I doubt the original poster cares anymore, but came up with this while trying to produce bulk dummy data. Hopefully it is useful for someone else.
/* == Seed Data ==*/
if(OBJECT_ID('tempdb..#dummyData') is not null)
DROP TABLE #dummyData
CREATE TABLE #dummyData ([id] INT IDENTITY PRIMARY KEY, [value] nvarchar(256));
INSERT #dummyData ([value]) VALUES
('Itßaly Terrazzo Sacra Nero 24x24 Honed'),
('Nero Marquina 1x3 Herringbone'),
('Myorka Blue 2x8'),
('Chrysler Driftwood Hickory Sea 12mil Wear Layer Glue Down 6.3x48.4'),
('Nero Marquina 1x3 Herringbone'),
('Broadway Lvt Ash 9x72 Rigid Core ä Click- 6.0mm/28mil Wear Layer'),
('Minetta Concreto Pearl 2.5mm/28mil Wear Layer Glue Down 18x36'),
('Speak Leather Black 24 x 24'),
('Accent Montana White 12 x 36 Glossy'),
('Baroque Crackled 1/2 X 6 Pencil Capri'),
('Banza Green Cielo 8" Hex'),
('Masia $550 Torello Nero Brillo 3/4x12 Pencil'),
('Baroque 1.000.95€ Crackled 1 3/4 X 6 Chair Rail Blanco');
/* == Main Loop ==*/
DECLARE @insertNum int = 1000000
DECLARE @top int = 0
DECLARE @seedCount int = (SELECT COUNT(*) FROM #dummyData)

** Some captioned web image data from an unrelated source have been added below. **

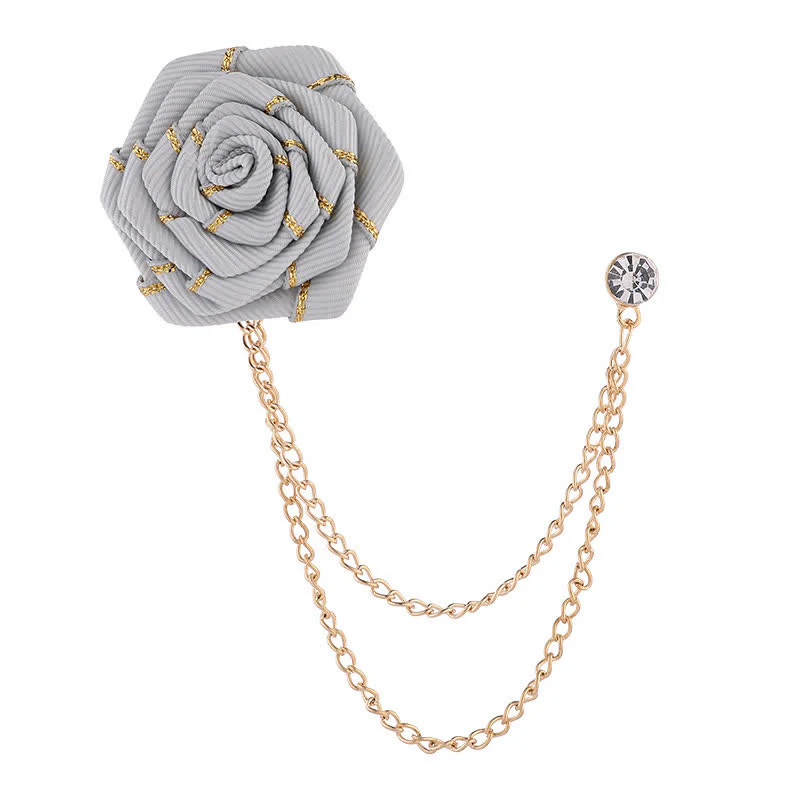 Men's Charming Floral Rose Chain Brooch - Image 15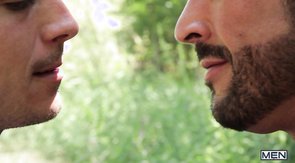 Bearded dudes sucking cocks outdoors, like crazy
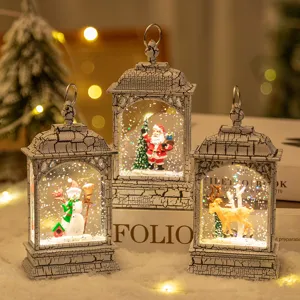 Lanternes boule à neige de Noël vintage avec décorations lumineuses LED père noël
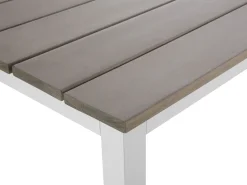 Conjunto De Jardim 5 Lugares Em Aluminio Branco E Almofadas Verdes/Creme A Esquerda Messina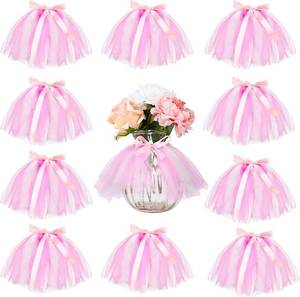 lot 26905 image: Tatuo 12 Pieces Mini Tutu Table Skirt Wine Bottle Cover Tutu Skirt Tulle Vase Skirt Decor Garland Centerpieces for Wedding Baby Shower Cake Dessert Birthday Party(Pink and White)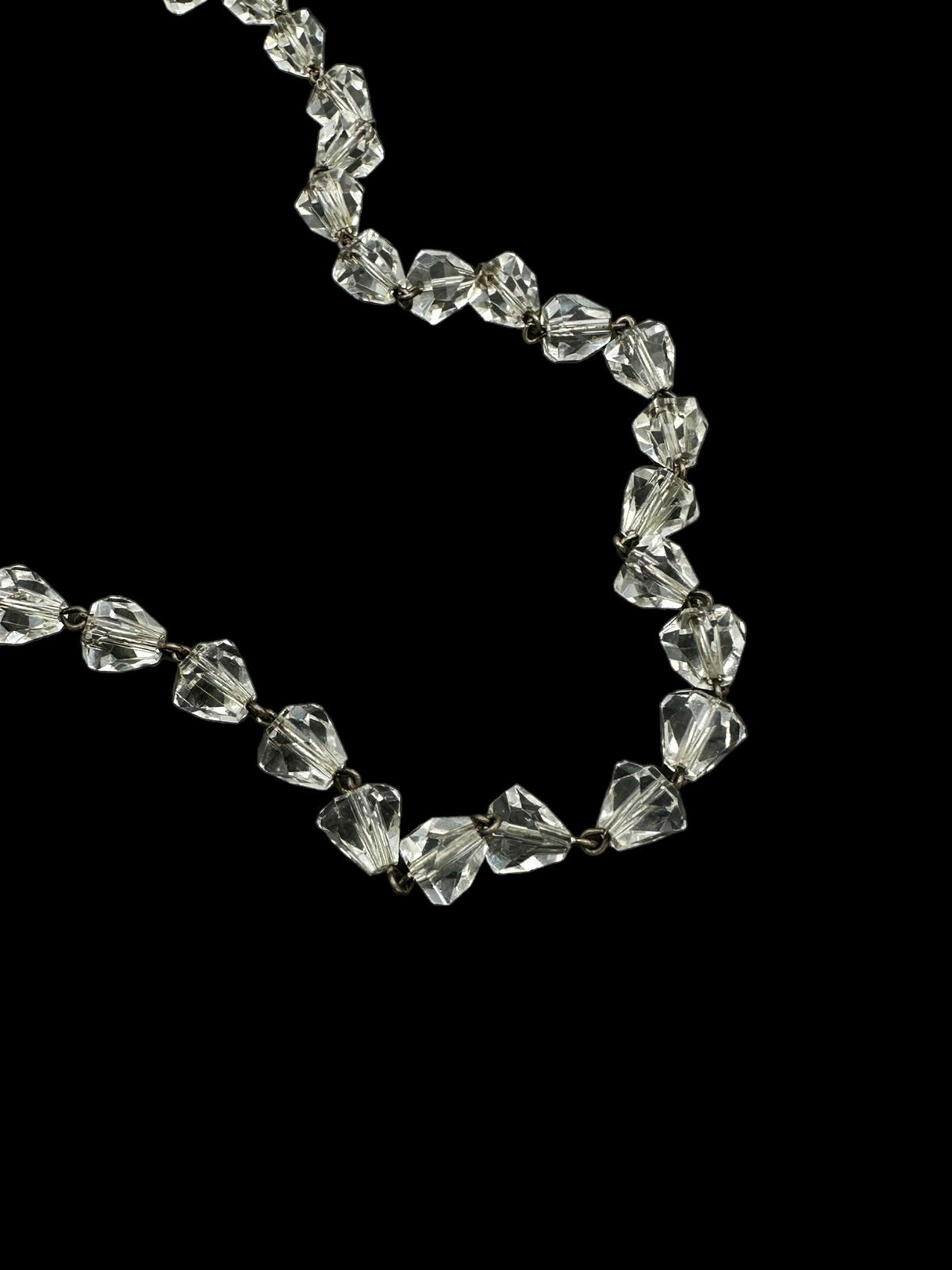 Art Deco Vintage Sterling Silver Faceted Clear Crystals Necklace - 24 Wishes Vintage Jewelry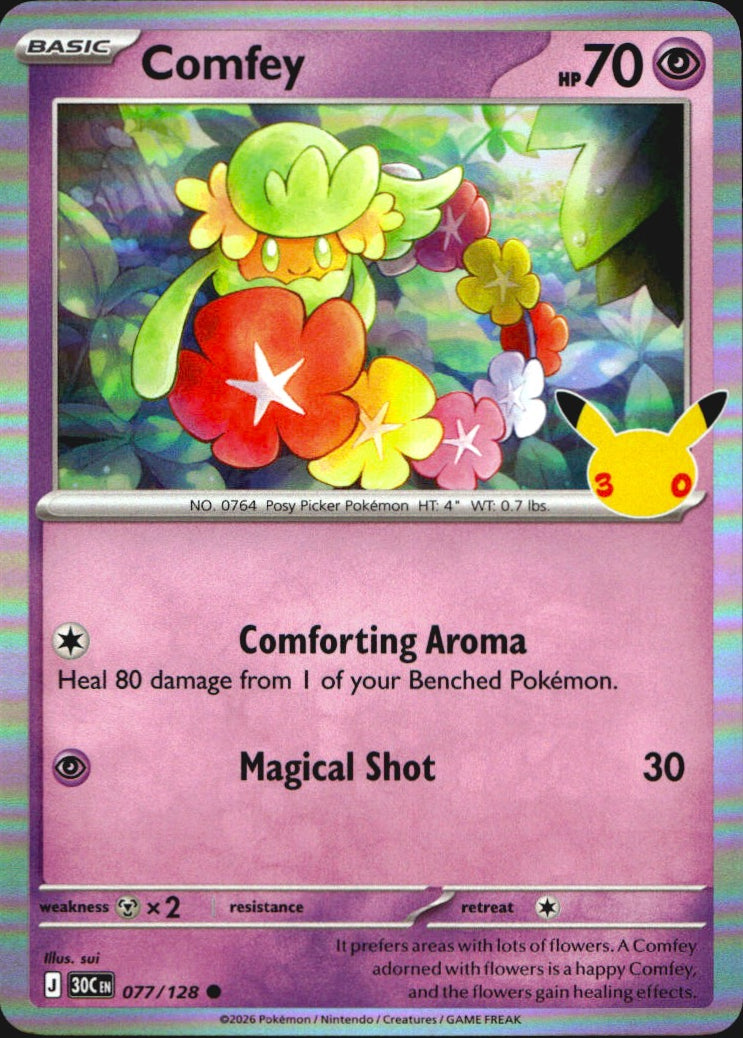 Comfey 077/128 ME: 30th Celebration Pokemon Holo Near Mint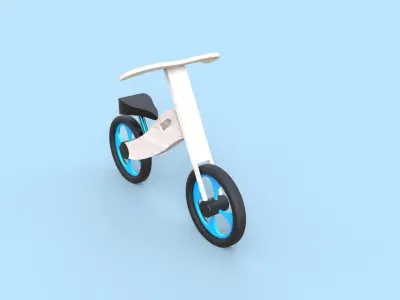 Wooden balance bike for kids - minimalistic bicycle  3D model
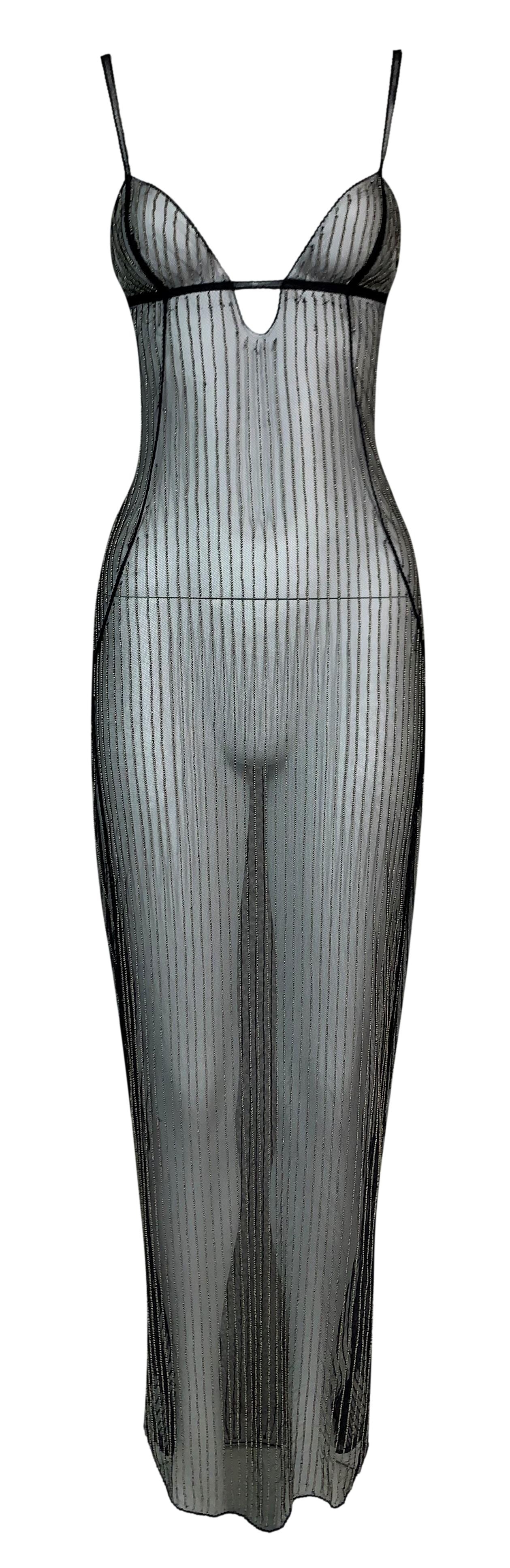 S/S 2003 Fendi by Karl Lagerfeld Runway Sheer Black Beaded Mesh Maxi Dress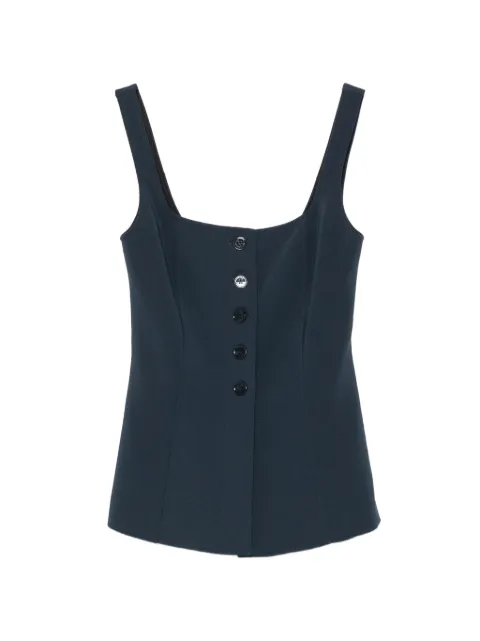 Patrizia Pepe button-up stretch-crêpe top Blue 8C0204A6F5CB23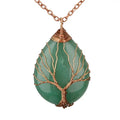 Tree of Life Wire Wrap Water Drop Necklace Pendant Reiki Natural Gemstone Aventurine Jewelry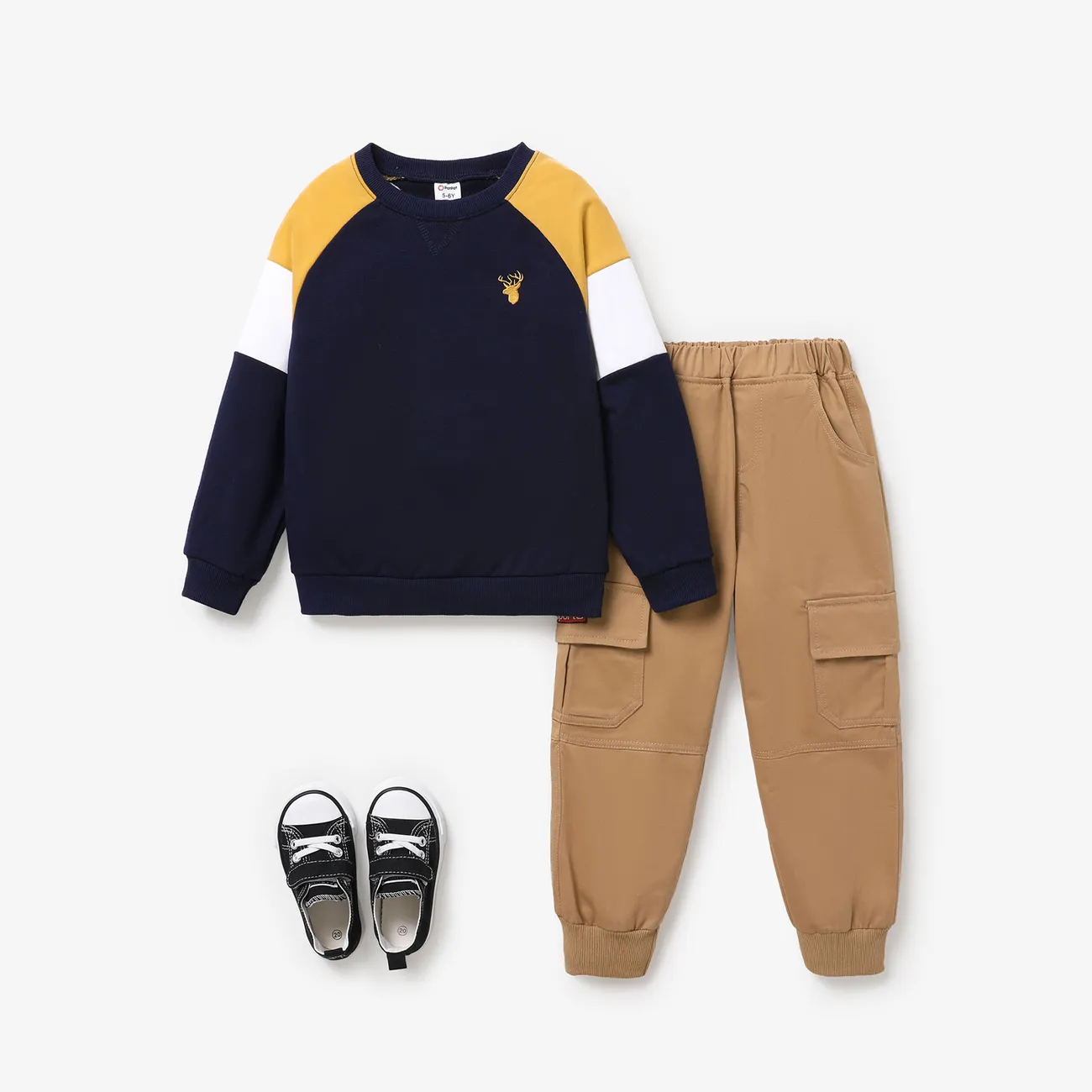 Kid Boy Sudadera / Zapatos / Pantalones de costura sólida y de tela azul profundo big image 1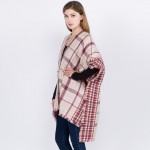 Wholesale plaid Print Ruana Frayed Trim One fits most L Acrylic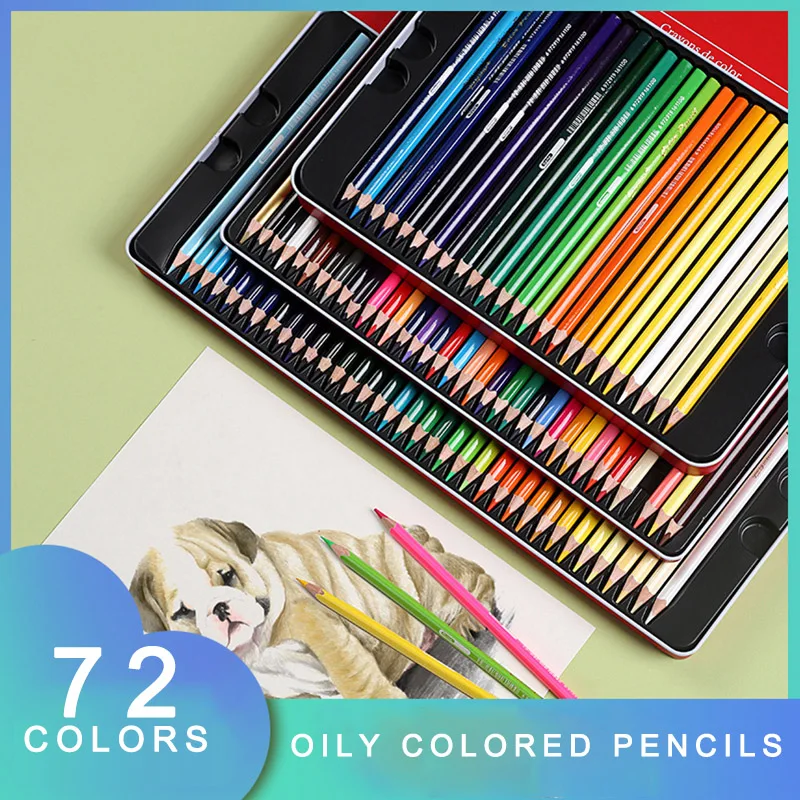 12/24/36/48/72 colori matite colorate set di spessore triangolo colorato Grassa log di pittura per bambini di disegno del fumetto rifornimenti di Arte matita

DECLARE @currentCount int = @seedCount
WHILE(@currentCount < @insertNum)
BEGIN
SET @top = @insertNum - @currentCount
IF(@top < @insertNum)
INSERT INTO #dummyData([value])
SELECT TOP(@top) [value]
FROM #dummyData
SET @currentCount = (SELECT COUNT(*) FROM #dummyData)
END
/* == Update Step ==*/
UPDATE #dummyData
SET value = cast(id as nvarchar) + value
WHERE id > @seedCount
Seed data Set up as needed -- manual or from another source (Note: you must seed at least one row) Using a temp table for demo purposes.
Main Loop Set @insertNum desired number of rows
Update Step Skip if you don't need to transform data -- I could have skipped this by inserting a new id in the loop, however it was slower by ~2 seconds.
This produced 1,000,000 unique values for parse testing. The @seedCount kept the first rows unaltered; a form of control I suppose.
Example result
SELECT *
FROM #dummyData
WHERE ID between 10 and 15
ORDER BY id
id |
value |
10 |
Baroque Crackled 1/2 X 6 Pencil Capri |
11 |
Banza Green Cielo 8" Hex |
12 |
Masia $550 Torello Nero Brillo 3/4x12 Pencil |
13 |
Baroque 1.000.95€ Crackled 1 3/4 X 6 Chair Rail Blanco |
14 |
14Itßaly Terrazzo Sacra Nero 24x24 Honed |
15 |
15Nero Marquina 1x3 Herringbone |
The optimizer is fairly smart -- adding the id to the value (rows 14+) allowed them to all be unique. That stopped the optimizer from recognizing 13 repeated strings and giving me far faster performance than could be expected from unique data.
Performance Although it is a while loop, it batches into itself so it multiplies data quickly, and it cuts off at the number you set it to. A seed of 1 row hits 1,000,000 at iteration 19.
I set up two dummy data tests, and I ran each through a CTE and this while loop. The while loop ran quicker, with 1,000,000 rows.
From my machine (Client Results: Average 10 runs):
Query |
CTE |
While |
This Example* |
14619 ms |
6825 ms |
random value generation |
11831 ms |
6393 ms |
*Perhaps I could have joined the seed data to the CTE in a more performant way.